David: It’s verifying the domains and all that stuff. So, that’s why you want to do that role quickly. So, you can immediately collect the data, immediately send you those reports, immediately go into Search Console, submit an XML sitemap through Search Console, so Google sees that the new site exists, right? Remember, it’s a computer program. So, even though we know, oh, it’s .com website, no longer a .co in our minds that’s it’s the same thing. It’s just a string of letters and numbers that could be anything to Google. So, it just has no idea it exists until you set that up. Okay, then just watch for weirdness.
Tricia: Okay. Yeah.
Tricia: That helps a lot.
David: Yeah, it’s like I have a client right now, and they are going to move to, long story short, they’re doing in one year a completely new website, a completely new domain name, and a completely new site architecture.
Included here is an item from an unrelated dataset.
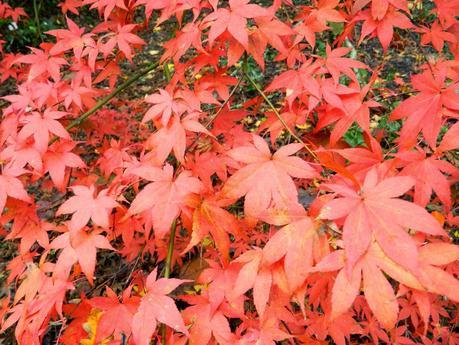 El jardín de La Saleta en Otoño, del 17-30 de noviembre de 2014. Saleta's Garden in Autumn, 17-30 november 2014.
David: It needs to be done. These all really need to be done. Yeah, I advised them rather than do it three different times and have three different slumps to which you have to recover, do it all at once. Google’s going to reindex the site. Let’s do it all at once. Otherwise, Google reindexes the site for the first change, reindexes the site for the second chance, and you’re going to have a net. It’s not that doing them all at once will have three times dip. It’s still going to have the same dip. The entire site has to be reindexed.
David: But really, you’re dipping once and doing all the changes rather than okay, we’re going to take a dip in March, and then we’re going to take a dip in July, then we’re going to take a dip in October. Well, that would be a huge problem because you probably wouldn’t recover by the time we did the next thing, right?